Incitement to genocide in international law
Crime of incitement remains firmly in place on the international legal stage according to US Holocaust Memorial Museum. In 1998, an incitement provision was included in Article 25(3)(e) of the Rome Statute of the International Criminal Court (in conjunction with Article 6—Genocide). And on November 28, 2008, after seven years of negotiations, the European Union adopted a Framework Decision on combating racism and xenophobia. The document's principal contribution is the EU-wide prohibition of public incitement and hatred against persons of a different race, color, religion, or national or ethnic origin, punishable by a prison sentence of one to three years. This document also prohibits public approval, denial, or gross trivialization of international crimes, notably genocide, and is an outgrowth of pre-existing European laws prohibiting Holocaust denial.
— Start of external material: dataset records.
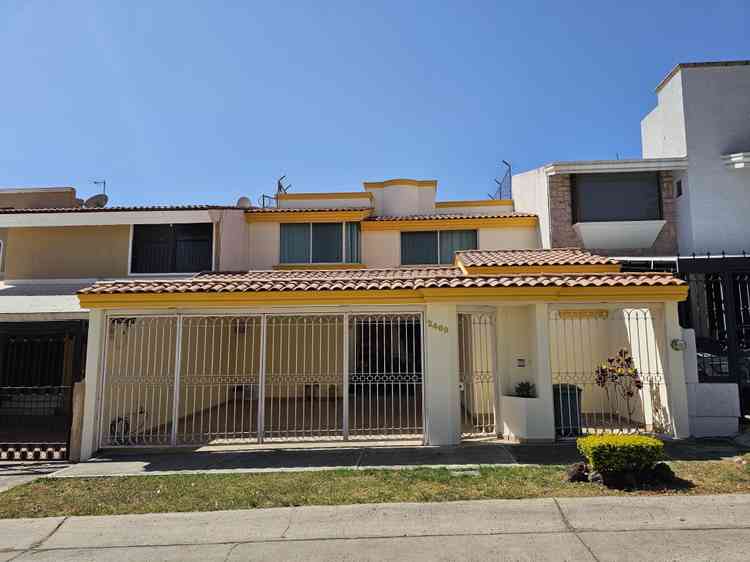 casa en renta remanso de los geranios bugambilias zapopan jalisco pTnUH9w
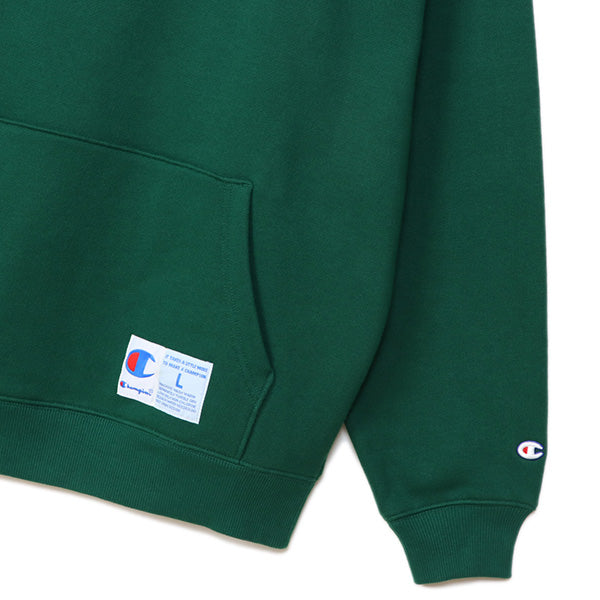 Champion チャンピオン パーカー L ブラック   C3-Y135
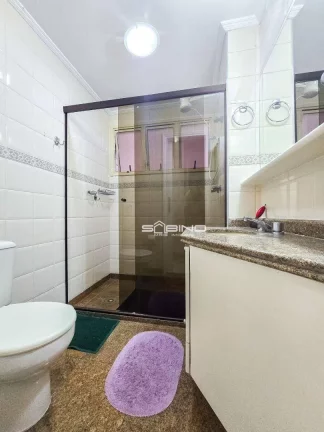 Imagem Venda Apartamento na Riviera, com 3 dormitórios 1 suíte 94m² área útil, 2 vagas de garagem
The Genocide Convention's Article III (c) has recently been invoked in the spirit of genocide prevention. On October 26, 2005, Iranian president Mahmoud Ahmadinejad at the “World Without Zionism” conference in Tehran, called for the State of Israel to be “wiped off the map.” Ahmadinejad has continued to make public speeches either directly or indirectly calling for Israel's destruction. In 2006, Israel has proposed to charge Ahmadinejad with direct and public incitement to genocide before the International Criminal Court. In a similar mode, a parliamentarian and former Canadian Minister of Justice has also argued that the Iranian president is guilty of state-sanctioned incitement to genocide, incitement that is both “direct and public” as defined in the Genocide Convention. Additionally, in June 2007, the US House of Representatives passed a resolution calling upon the United Nations Security Council to charge Ahmadinejad with violating the Genocide Convention by his repeated calls for Israel to be annihilated. Government officials in the United Kingdom and Australia have adopted similar stances to that of the Americans.
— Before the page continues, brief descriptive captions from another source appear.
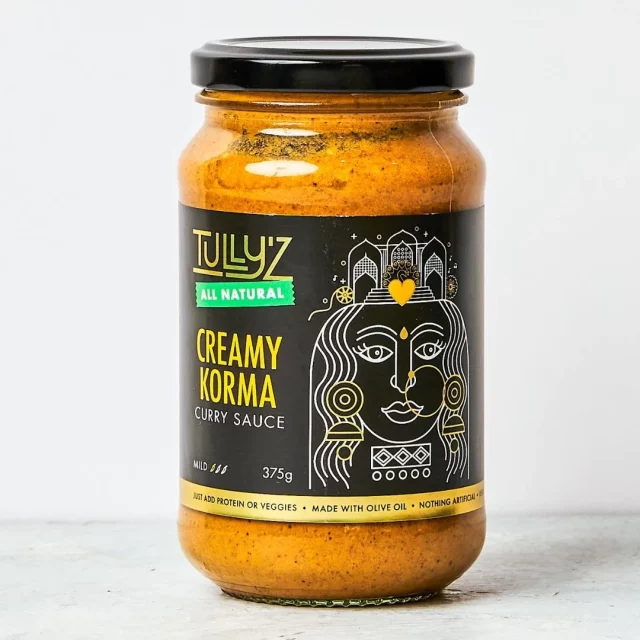Tullyz_Creamy_Korma_Front
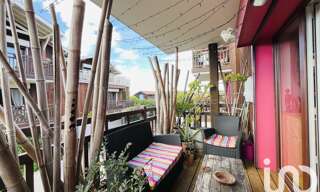 Appartement 3 Pièces 68 m² à vendre à La Teste-de-Buch (33260)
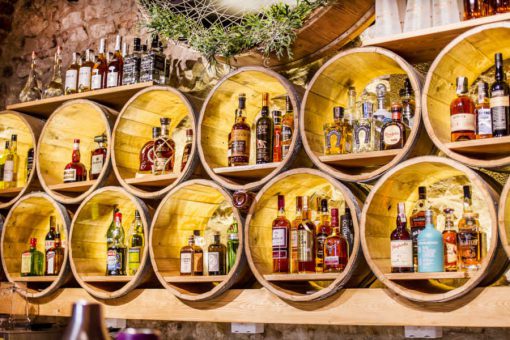 Whisky Tasting, Bumper Ball Experiences in Krakow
The UN Genocide Convention outlaws not only acts of genocide but "incitement" to genocide, an egregious offense whether or not genocide has yet occurred. The convention's goal, of course, is to prevent genocide before it takes place. Tragically, warnings of impending atrocities in Rwanda were ignored by the international community. As a result, 800,000 innocent civilians were slaughtered in a genocide that could have been prevented.
Those who incite genocide, and those who defend them, often invoke the freedom of speech. But no free-speech law condones threats of mass murder. The Nuremberg tribunal convicted and executed Nazi newspaper publisher Julius Streicher for inciting the murder of Jews, even though he didn't commit murders directly. Not long ago the former Liberian president, Charles Taylor, was sentenced to 50 years imprisonment for inciting civil war in neighbouring country, Sierra Leone. Even though he did not directly instructed the genocide of more than 500,000 innocent people, the ICC declared that he aided and abetted the killings. At the moment the world is looking for Joseph Kony for crime against humanity.
The question remains, should the world fold its arms until civil war erupt in Ghana before pointing fingers? Ghana has been a role model for Africa in her peacefulness and hospitability. Should such a country and her good people suffer because of the greediness of Nana Akufo-Addo, whose anxiety is to be the president by hook or crooks? If civil war erupts in Ghana, it is rather the same poor people he wants to rule who will be left to suffer the consequences. The reason is, Nana Akufo-Addo, Kennedy Agyapong and the likes will be the very first family who will run away and leave their supporters behind.